**Exercise objective:** An exact copy of the records is needed; please leave the images out.

(Data supplied begins)

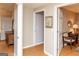 Open hallway showcases wood look vinyl flooring, framed art and neutral colors at 17 Hampton Way, Carrollton, GA 30116
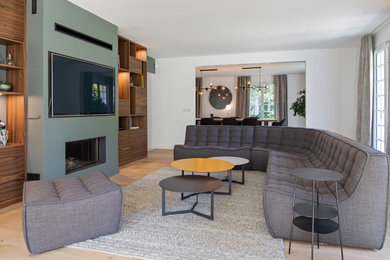 Aménagement d'un salon ouvert avec un mur vert, parquet clair, un poêle à bois, un manteau de cheminée en plâtre et un téléviseur encastré.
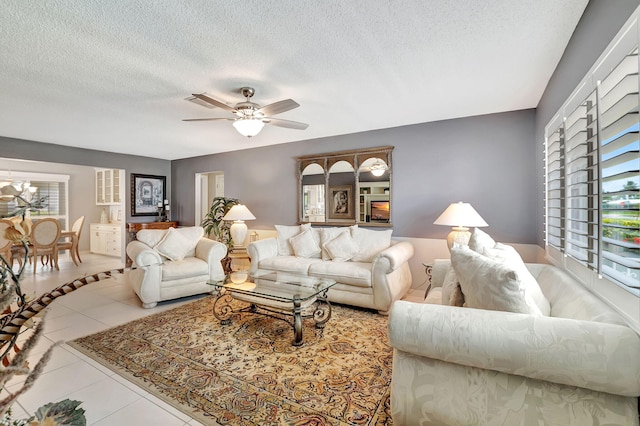 tiled living room featuring ceiling fan and a textured ceiling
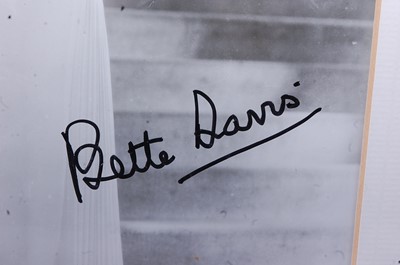Lot 1129 - Bette Davis, (1908-1989), a black and white...
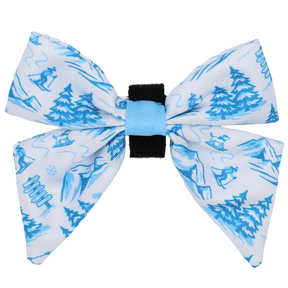 Introducing the Dog Sailor Bow - Après Ski Club by Sassy Woof—a white and blue sailor bow with a black center, adorned with a charming winter scene of trees, skiers, sleds, and snowflakes. Perfect for pairing with cozy dog collars or other winter accessories from the Après Ski Club collection.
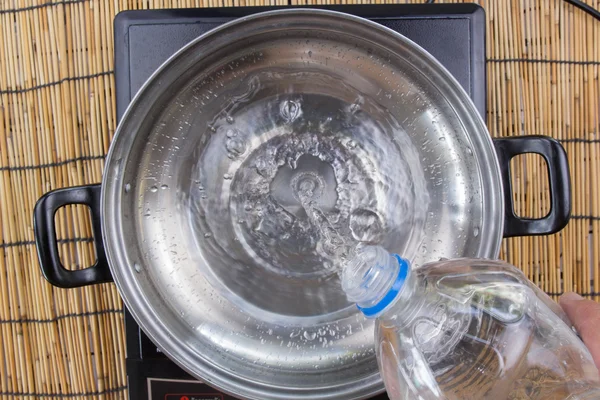 Chef pouring water to pot — Stock Photo, Image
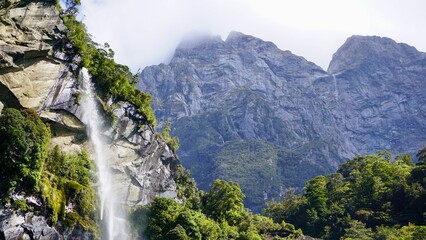 Milford Sound New Zealand waterfalls into the fjord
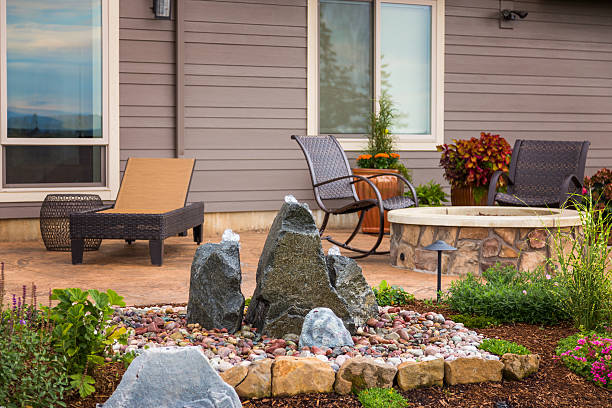 istock Outdoor Patio with Water Feature, Fire Pit, and Reclining Chairs 530932857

(Data supplied ends)

**Exercise answer:**
 Open hallway showcases wood look vinyl flooring, framed art and neutral colors at 17 Hampton Way, Carrollton, GA 30116
 Aménagement d'un salon ouvert avec un mur vert, parquet clair, un poêle à bois, un manteau de cheminée en plâtre et un téléviseur encastré.
 tiled living room featuring ceiling fan and a textured ceiling
Lot 1129 - Bette Davis, (1908-1989), a black and white...
 Introducing the Dog Sailor Bow - Après Ski Club by Sassy Woof—a white and blue sailor bow with a black center, adorned with a charming winter scene of trees, skiers, sleds, and snowflakes. Perfect for pairing with cozy dog collars or other winter accessories from the Après Ski Club collection.
 Chef pouring water to pot — Stock Photo, Image
 Milford Sound New Zealand waterfalls into the fjord
 istock Outdoor Patio with Water Feature, Fire Pit, and Reclining Chairs 530932857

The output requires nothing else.